Oh, two last things. First, run like hell from the person who starts talking like the shit disturbers who created so much hardship and problems for this film. If you’re doing something like this, doing anything remotely like what I did with people even half as much fun to be around, don’t let the shit disturbing bastards bring you down. And, second, if you can’t wrap your head around the right mindset and you think you have to have your perks to have a good time or you think that it’s your job to be the shit disturbing bastards and point out to everyone that they’re not getting their perks… Stay the fuck home. You’re nothing but poison. You’re nothing more than the jackass that you yourself probably work with or have worked with at some job or another that you and everyone else hated because all they did was stir the pot or constantly talk about how everything was so much worse than it actually is. You’re not needed, you’re not wanted and you’re not worth it to have around.

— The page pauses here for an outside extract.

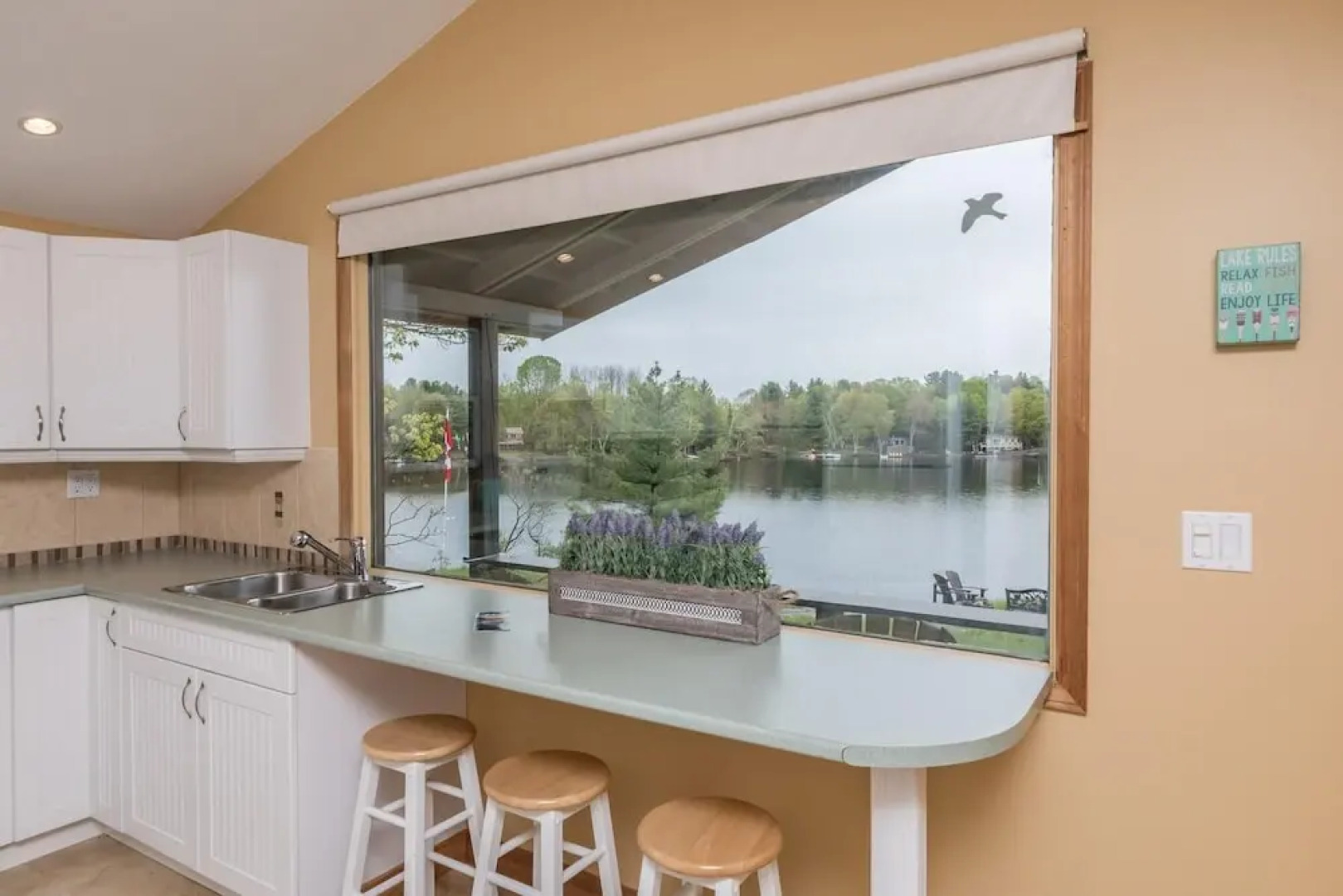 Brandy on the Rocks ~ a perfect family retreat on Brandy Lake!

But you… No, not you but that other guy there… You get it? Great, then come on out and play. Let’s have some fun and be a part of something that’s cool as hell.

  1. Bill Mulligan says:


    I wish we had a dozen of you but instead i just have to be thankful that we got you at all. How many people get that lucky?

    You’ve always gone WAY beyond the call of duty to make things work up to an including this weekend and I hope you know just how appreciated you are. But even if you ignore all the financial contributions you’ve made there’s another reason why people’s faces light up when I tell them “Jerry’s coming.”; your enthusiasm, positive attitude and pure love for the whole idea of being in a movie. It’s the one thing you’d better not lose when you’re doing indie films. I still wake up amazed that I’m doing this.

    So I think I can safely speak for everyone when I say Thank you, Jerry, for everything you’ve done for the film, for being a great friend and giving us the kind of emotional support we really needed when things went bad. having a story you’ve nurtured get turned into a movie is a dream come true; watching it come this close to falling apart is a soul beating affair. I said we got through it because of the people around us and you are one of the main people I was talking about. For that i will always be grateful.

  2. Sean says:

    When I read “one of the things that was used to criticize and attack” I was reminded of something that was said to me a while back. Criticism isn’t a bad thing if done AND taken correctly. If your only goal in making criticisms is to be hurtful, people aren’t going to want to work with you or be around you.

    I’ve worked with a lot of people in television. There are some who are only in it for the paycheck. There’s no heart in what they do, no pride in any accomplishment, and generally they’re the first people to complain when something isn’t up to spec. Generally, their work is so far below spec it’s laughable when they get annoyed with other people. Then there are the ones that do it for the right reasons, and you can see it in the finished production.

    • jjchandler says:

      Yeah, but, and trust me on this, Sean, they weren’t even in the same ballpark as “done AND taken correctly” type of comments. I saw one of the things that they wrote and sent out for public consumption before heading down for the Easter shoot and all they were about was trying to rip others apart while talking themselves up and basically destroy what was being done. Just complete nozzles and then some.